This device is several steps removed from the air-core inductor. Standard formulas describe textbook air-core behavior. Then there's the ferrite rod or bar core. It attracts and focuses the flux so that wire turns can be lesser ohms and less lengthy, yet not reduce Henry value. Formulas don't easily apply to such inductors. Perhaps we can observe its behavior by activating a strong magnetic field close by (building the flux field), then shutting off the magnet, and measuring current in the wire turns as the flux field collapses.

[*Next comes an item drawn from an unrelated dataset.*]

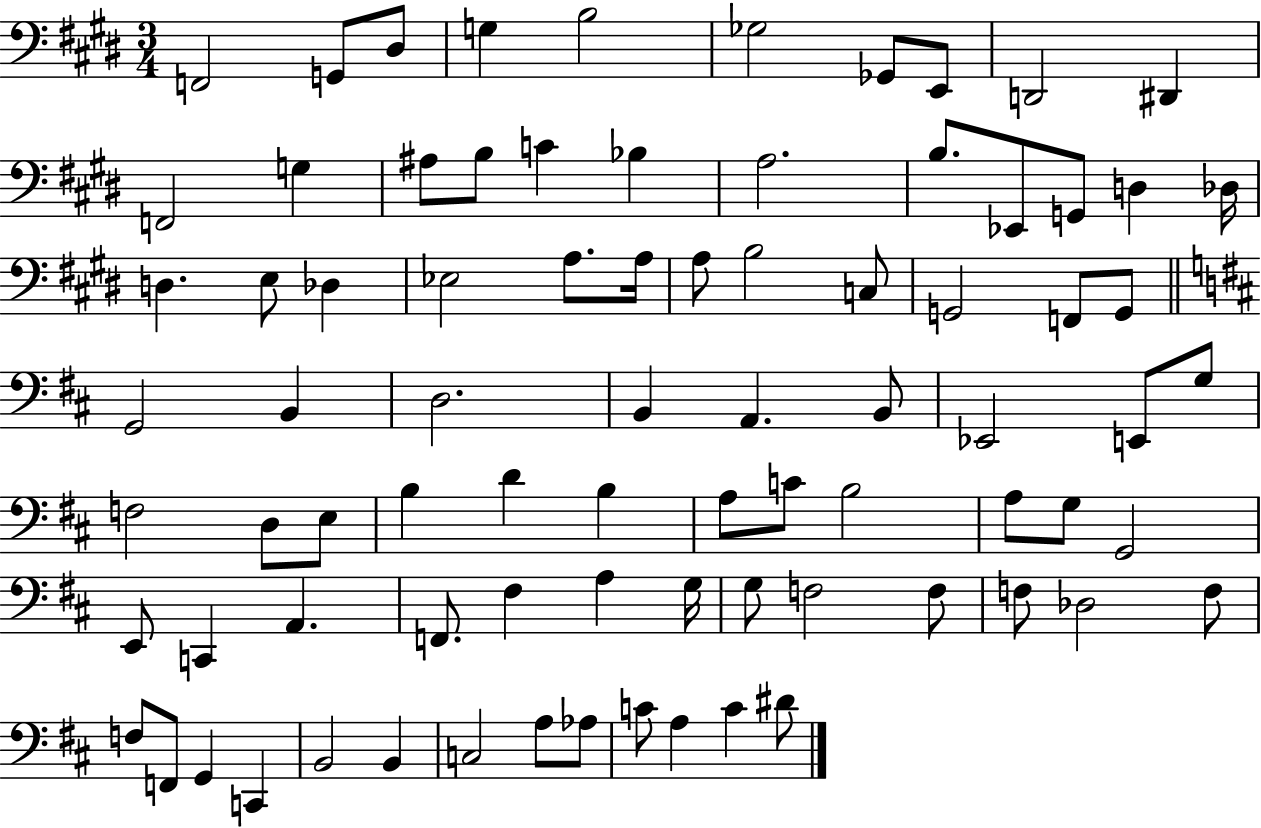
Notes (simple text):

F2/h G2/e D#3/e G3/q B3/h Gb3/h Gb2/e E2/e D2/h D#2/q F2/h G3/q A#3/e B3/e C4/q Bb3/q A3/h. B3/e. Eb2/e G2/e D3/q Db3/s D3/q. E3/e Db3/q Eb3/h A3/e. A3/s A3/e B3/h C3/e G2/h F2/e G2/e G2/h B2/q D3/h. B2/q A2/q. B2/e Eb2/h E2/e G3/e F3/h D3/e E3/e B3/q D4/q B3/q A3/e C4/e B3/h A3/e G3/e G2/h E2/e C2/q A2/q. F2/e. F#3/q A3/q G3/s G3/e F3/h F3/e F3/e Db3/h F3/e F3/e F2/e G2/q C2/q B2/h B2/q C3/h A3/e Ab3/e C4/e A3/q C4/q D#4/e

Even less easily with a toroid. The toroidal inductor takes a rod-shape and bends it in a circle and joins the poles so it has no recognizable N & S. I wouldn't know how to induce a magnetic field around it or in it. As for formulas, a different set come into play, with graphs and parameters several steps removed from air-core inductors. Yet I think we'd say a toroidal inductor is cousin to the air-core type.
 
I could use inductance and calculate the energy, but it doesn't really make sense because the core itself doesn't store energy, there's no gap. Energy is transferred from one side to the other automatically, that's physics. So how to approach such a problem. My idea was with the formula above and the WaAc parameter for EE ETD cores, etc. it makes sense, but I don't know about the toroid.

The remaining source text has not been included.